North Riverside trustees voted unanimously last month to approve a new three-year contract with the village’s union police officers and sergeants who are represented by the Illinois Fraternal Order of Police Labor Council. Union members also unanimously ratified the deal, said Sgt. Christopher Devine, president of the local unit of the union.

Unlike the prior five-year contract, which was approved after just a handful of negotiating sessions in 2016, it took 18 months to hammer out this latest deal, including two negotiating sessions with a federal mediator. The contract is retroactive to May 1, 2021 and expires April 30, 2024.

“It took so long mostly due to navigating everybody’s schedules; however, we did end up meeting twice with a mediator to resolve a few outstanding issues,” said Devine in an email to the Landmark. “Nothing major, those issues mostly centered around wages and insurance benefits.”

Patrol officers receive base pay raises each year of the contract, with 3.25-percent increases in 2021 and 2023 and a 3.5-percent increase in 2022. Sergeants receive a base pay raise in 2022 of 3.5 percent and in 2023 of 3.25 percent.

However, police officers early in their careers will see annual raises greater than the base-pay increases due to step raises contained in the salary schedule. And the new contract also increased the pay differential between patrol officers and sergeants to 12 percent per step.

For example, a patrol officer who started in 2020 at a salary of $61,989 will have seen that salary increase to $74,005 in 2021 – an increase of 19 percent – due to the step raise. In the final year of the contract, that same officer will be paid $94,046, a total increase over the life of the deal of 52 percent.

The step raises are in effect for an officer’s first seven years on the force. Patrol officers get additional step raises upon completion of their 20th and 25th years of service. As of May 1, 2023, the base pay for a newly hired North Riverside patrol officer will be $72,275. The base pay for a patrol officer with 25 years of experience will be $118,133.

Sergeants also receive step raises during their first seven years at that rank. A sergeant making $68,499 in 2020 will be paid $105,331 by the final year of the contract, a total increase of 54 percent.

By the final year of the contract the base pay for a police sergeant with 25 years of experience will be $132,309.

Union members will also pay 1-percent more toward health insurance premiums each year beginning in 2022, when the employee contribution goes up to 16 percent. During the third year the employee contribution will be 17 percent.

Those increases are in line with the administration’s goal of getting all employees to contribute 20 percent toward health insurance premiums.

Union members were not in favor of another change in the contract, which eliminates language mandating the village employ six sergeants.

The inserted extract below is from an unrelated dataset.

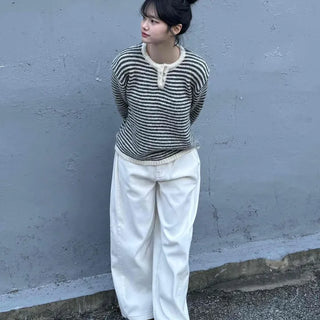Natural Wash Balloon Fit Wide Pants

“Staffing levels rest with the village, so it was not something we could bargain to impasse over to keep it in the new contract, and it had to be removed,” Devine said. “The village indicated when we met that they have no current plans to change sergeant staffing levels at this time, though.”

The contract also includes new language allowing the village to hire experienced officers and start them at a higher pay scale based on their time at another agency. It’s not a true lateral hiring program, Devine said, because those officers will still have to earn seniority benefits, such as paid time off and position on seniority lists.

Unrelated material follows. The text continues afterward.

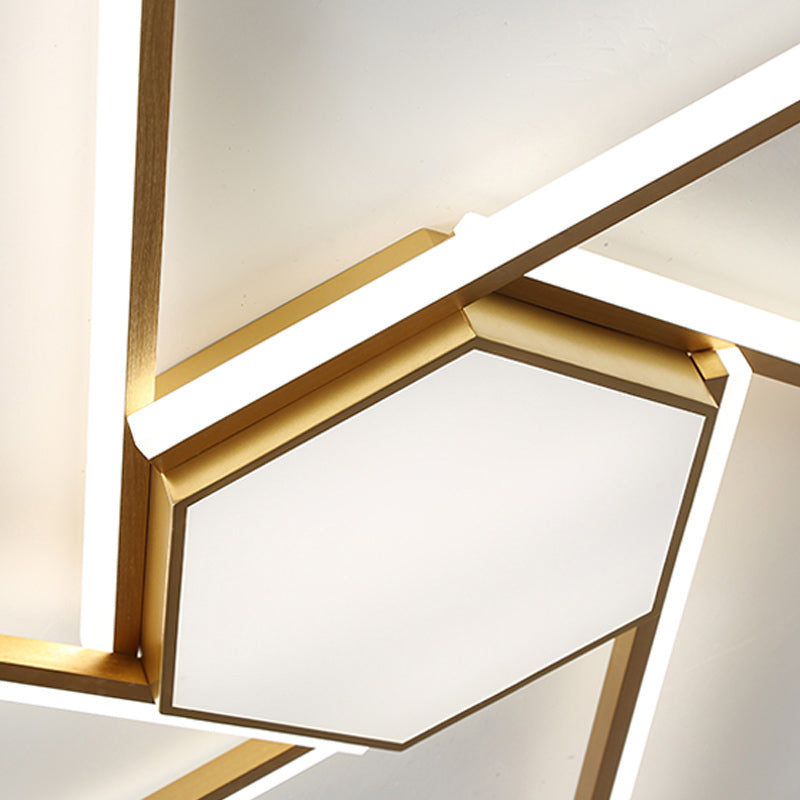 Modern Gold Led Ceiling Mounted Flush Mount Lamp With Acrylic Shade - 69/82.5W Linear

“The village was interested in this to help attract qualified candidates as there seems to be a lot of police officers moving around from other agencies,” Devine said.

While the departmental policy on use of body cameras is not in the contract itself, both Devine and Village Administrator Sue Scarpiniti told the Landmark that both sides had agreed to the language of the policy. Police officers had input on that language, Devine said.

The contract increases education expense reimbursement (for tuition, books and fees) from $1,000 to $1,250 per term per officer. It also increases field officer training pay to one hour of overtime from a flat rate.